Presented by Greg Baeker of Millier Dickinson Blais — a Toronto consulting firm that typically deals with economic development — there was a brief presentation at the beginning of the evening, which went over several points to do with Regina’s cultural activity and productivity. This included the observation that Regina’s cultural industries have apparently been lagging behind provincial and national levels in recent years.
Following this presentation, attendees were invited to gather in different areas to discuss a variety of topics. There were moderated discussions to “increase the awareness of cultural resources for residents and tourists,” “respond to the cultural aspirations of an increasingly diverse community,” “address cultural needs at the neigbourhood level,” “build a beautiful and culturally vibrant downtown,” and “strengthen and expand festivals.”

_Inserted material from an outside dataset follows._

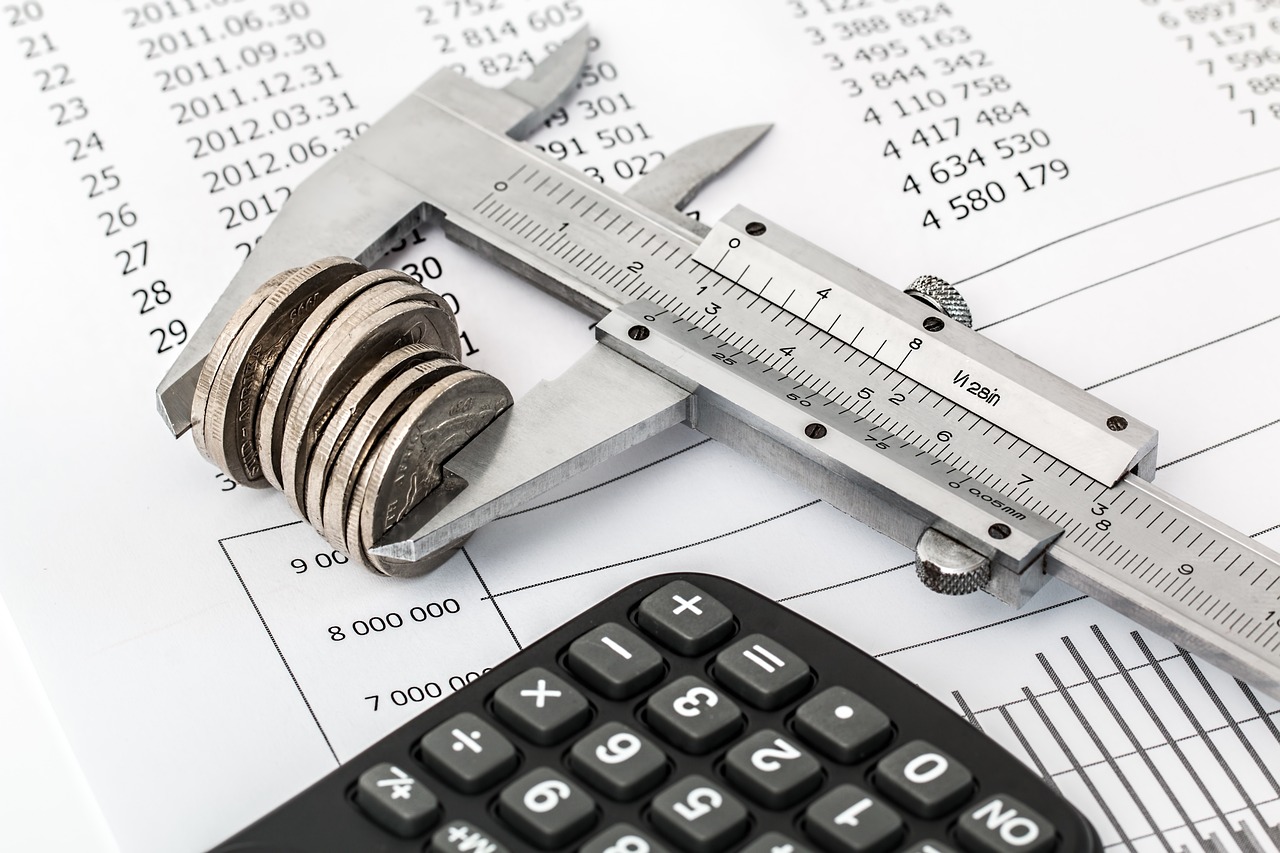 Budgeting: Counting Every Penny (image credits: pixabay)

I sat in on the “build a beautiful and culturally vibrant downtown” meeting because I couldn’t be everywhere at once and it seemed to have attracted the biggest crowd. There was much discussion around preserving heritage architecture, and what a sorry job the city has made of that. There was also talk about how to incorporate new and old architecture in the developing city.
It struck me that this should be the kind of thing discussed at city planning meetings, and I wondered if it ever was.
After these individual discussions, the moderators prioritized the recommendations, brought the meetings to a close, and everyone wandered off into the latest late-spring blizzard.
The feedback from that night will be compiled and studied, and Design Regina’s recommendations should be up on its website, www.designregina.ca, by July or August.